ASSIGNED TASK –
Once the line containing "Nikon D810 Firmware Download" is found in the material below, it and every line after it should be transcribed exactly, with pictures left out and nothing added.

DATASET CONTENT –
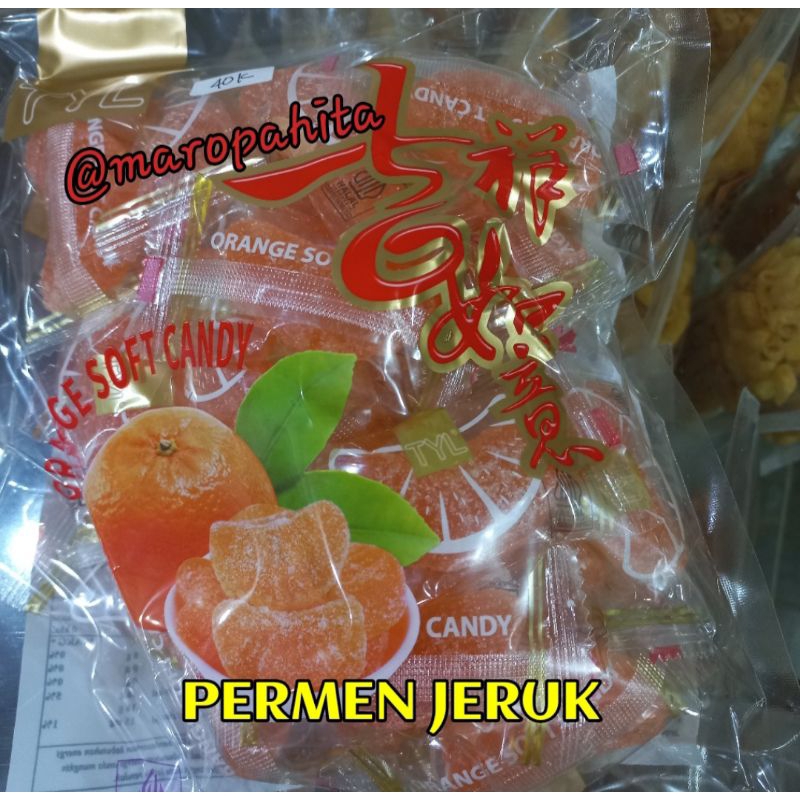 Permen Jeruk Cemilan Manis Jeruk Orange Soft Candy 500gr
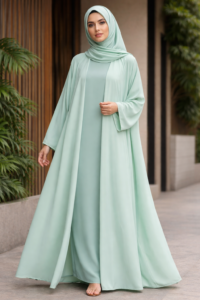 Mint Green Abaya - Mint Green Abaya - Free Size
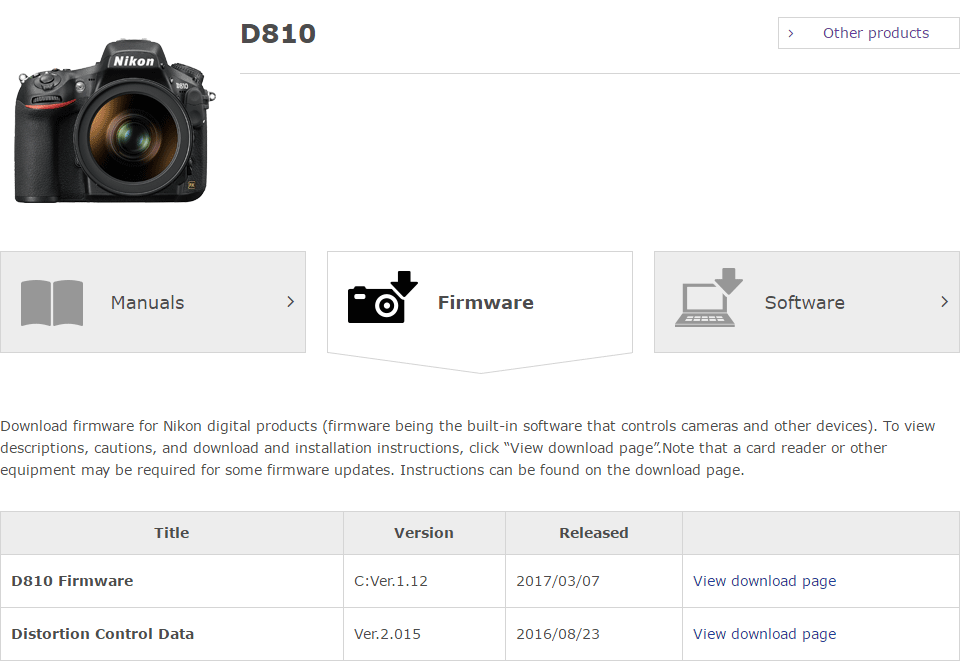 Nikon D810 Firmware Download
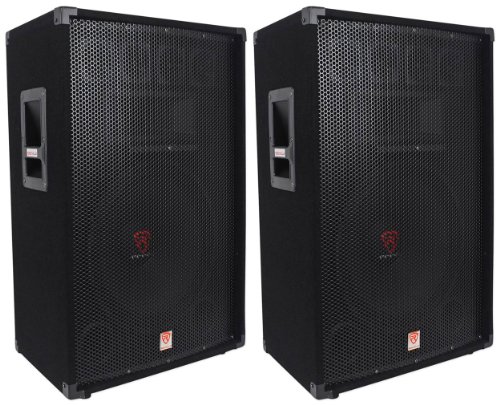 Rockville RSG15 Pair 15-in 1500-Watt Peak / 750-Watt RMS 3-Way Passive DJ/Pro PA Speakers, SpeakON...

RESULT –
 Nikon D810 Firmware Download
 Rockville RSG15 Pair 15-in 1500-Watt Peak / 750-Watt RMS 3-Way Passive DJ/Pro PA Speakers, SpeakON...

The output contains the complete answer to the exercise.